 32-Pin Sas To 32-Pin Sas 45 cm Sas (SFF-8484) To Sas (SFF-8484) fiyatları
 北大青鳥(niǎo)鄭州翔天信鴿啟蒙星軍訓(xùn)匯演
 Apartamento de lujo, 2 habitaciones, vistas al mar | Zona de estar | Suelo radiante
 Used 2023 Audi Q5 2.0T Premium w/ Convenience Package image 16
******
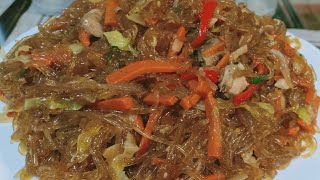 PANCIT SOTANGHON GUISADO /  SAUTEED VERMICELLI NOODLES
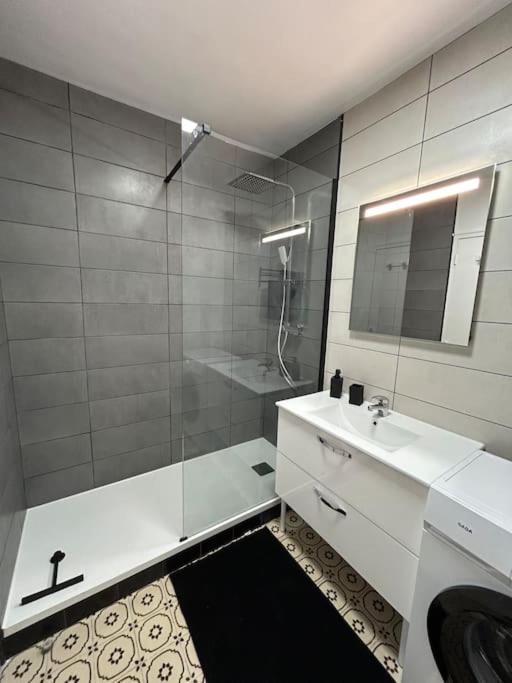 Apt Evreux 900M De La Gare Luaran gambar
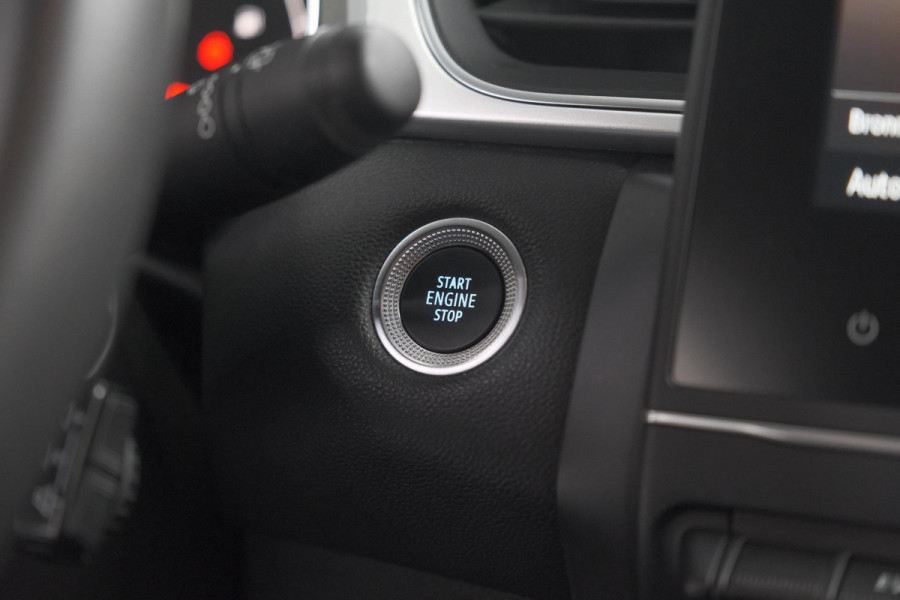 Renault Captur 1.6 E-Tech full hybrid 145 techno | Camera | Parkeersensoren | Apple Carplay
******
All lines in the listing above from the line containing "32-Pin Sas To" to the line containing "Used 2023 Audi", inclusive, should be retyped exactly; no other lines should appear.

SOLUTION FOR THIS EXERCISE ::
 32-Pin Sas To 32-Pin Sas 45 cm Sas (SFF-8484) To Sas (SFF-8484) fiyatları
 北大青鳥(niǎo)鄭州翔天信鴿啟蒙星軍訓(xùn)匯演
 Apartamento de lujo, 2 habitaciones, vistas al mar | Zona de estar | Suelo radiante
 Used 2023 Audi Q5 2.0T Premium w/ Convenience Package image 16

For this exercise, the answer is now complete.